221pipas, la monografía

Dos Borgoñas en Londres

La intensa relación histórica de amor-odio en Francia y Gran Bretaña se remonta a la Edad Media. Entre tantos siglos de guerras, invasiones, conquistas, alianzas e intrigas políticas (al fin y al cabo, interacciones humanas), terminaron consolidándose fuertemente los lazos comerciales y culturales. Desde la segunda mitad del siglo XIX ambas naciones pasaron a ser aliadas, pero lo cierto es que el comercio de vinos entre una (productora) y otra (consumidora) es tan antiguo como ellas mismas, vigente incluso durante los períodos de mayor rivalidad. Para una imperio naval como Gran Bretaña, la cercanía de Francia fue siempre un gran atractivo en vista de su sólida reputación como tierra de buenos productos. Durante todo el período victoriano las importaciones vínicas inglesas estuvieron claramente encabezadas por las procedencias francesa, portuguesa y española, aunque la primera constituía casi el 65% del rubro hacia 1890. En los textos holmesianos originales existen numerosas alusiones a los vinos galos, con un leve predominio del tinto bordelés (1), tan afamado en aquellos tiempos. Pero, ¿sólo ese? ¿Qué otro podemos encontrar?

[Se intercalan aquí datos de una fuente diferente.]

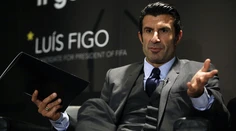 Figo nebude hrať v Zápase legiend UEFA za Barcu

Borgoña ha sido la única región francesa capaz de rivalizar con el renombre de Burdeos, su "competidora" histórica, junto a la cual componen el dúo de áreas vitivinícolas más prestigioso del mundo. Aunque cuenta con una producción mucho menor (la cuarta parte) y siempre corrió con desventajas logísticas (2), pudo enfrentar durante siglos al coloso comercial de Aquitania. Algunos viñedos comunales y ciertos vinos borgoñones han logrado una categoría de leyenda comparable a la de los Grands Crus Classes del Medoc. Ciertamente no hay cita específica alguna de sus míticas etiquetas en el canon (o sea, marcas), pero sí aparecen al menos los nombres de dos apelaciones geográficas muy reconocidas en el corazón mismo del territorio, que son Beaune y Montrachet. La primera produce un delicado tinto que Watson señala haber consumido durante su almuerzo en El signo de los cuatro. La otra es célebre por sus sofisticados vinos blancos a los que Holmes y Watson hacen honor mediante una botella abierta para acompañar perdiz fría en el relato La inquilina encubierta.

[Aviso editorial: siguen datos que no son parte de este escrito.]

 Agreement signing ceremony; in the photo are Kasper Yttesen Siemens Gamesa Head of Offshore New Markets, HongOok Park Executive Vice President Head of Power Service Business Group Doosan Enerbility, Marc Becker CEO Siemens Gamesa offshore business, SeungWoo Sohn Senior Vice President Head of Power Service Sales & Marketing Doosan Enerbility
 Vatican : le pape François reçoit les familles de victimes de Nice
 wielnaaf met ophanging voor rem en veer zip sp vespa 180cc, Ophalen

No hay manera de saber lo que Watson comió en aquel almuerzo ya que no hay referencias adicionales, pero podemos asegurar que la elección de Holmes para madirar con el ave de caza fría es digna de un sommeliere bien entrenado. De hecho, ese tipo de viandas resulta muy típica de la gastronomía europea continental extendida al Reino Unido, donde perdices, codornices, faisanes, gansos, patos y becadas han sido especies que vistieron sus mesas desde la antigüedad (3). En semejante contexto, los vinos de Borgoña se perfilan como "ideales" para dichas ocasiones, especialmente considerando el caso concreto que nos ocupa. Con su carne de sabor intenso pero también equilibrado, la perdiz fría -seguramente cocinada al horno- constituye un matrimonio perfecto junto al Montrachet, blanco originado de la uva Chardonnay que crece en terrenos calizos y pedregosos para producir vinos frescos y a la vez profundos, de sabores minerales, complejos, definidos y prolongados en el paladar.


Por lo visto, las sapiencias del detective iban más allá de lo meramente profesional y de sus aficiones conocidas por el violín, la química o la arqueología. También sabía de vinos.

Notas:

(1) Hablamos de clarete, tema del cual nos vamos a ocupar muy pronto.
(2) Mientras que Borgoña se ubica en el centro-este de Francia (antiguamente la ausencia de vías navegables implicaba dificultades de transporte), Burdeos está pegada al mar y posee un gran puerto operativo desde el siglo XII.
(3) Por supuesto, eso ha cambiado en nuestros días merced al peligro de extinción que sufren algunas de ellas.